The hard part of a self-service agent platform isn't the agents
The demo that gets people leaning in is always the same. Someone who has never written a line of Python types one sentence, "an agent that triages incoming support tickets and flags the urgent ones," clicks through a few screens, and a few minutes later there's a real agent answering in a chat window. No ticket filed to engineering. No sprint. Just a working assistant that wasn't there at lunch.
I built that demo. It's part of AgentHive, a self-service platform we run at JFrog that lets anyone in the company create, govern, and ship production AI agents without code.
The wizard works. People like it. And it was the easy part. The agents were never the hard problem. Everything wrapped around them was.
Here's the Thing
- Gartner expects 40% of enterprise apps to ship task-specific AI agents by the end of 2026, up from under 5% a year earlier (Gartner, 2025).
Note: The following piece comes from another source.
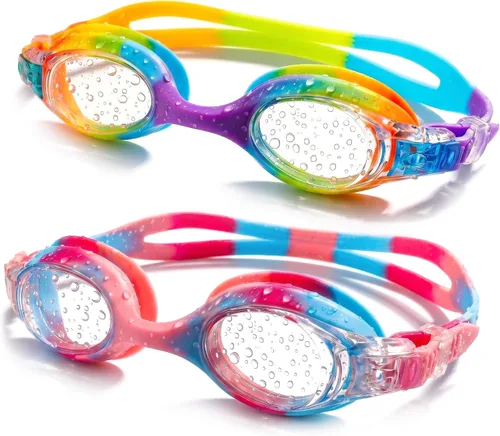 Vista 9 de Paquete de 2 gafas de natación para niños pequeños de 6 a 14 (8 a 12), protección UV antivaho sin fugas, gafas de natación para niños y niñas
Generating an agent is basically a commodity now.
- The hard part is everything around the agent: a catalog so people can find it, permissions so the right people can use it, a way to reach it where they already work, reusable skills and knowledge, and a gate so nothing hits production unreviewed.
- McKinsey's 2026 AI trust survey (around 500 organizations) found only about a third report a governance maturity of level 3 or higher for the agentic era, even as they push autonomous agents into production (McKinsey, 2026).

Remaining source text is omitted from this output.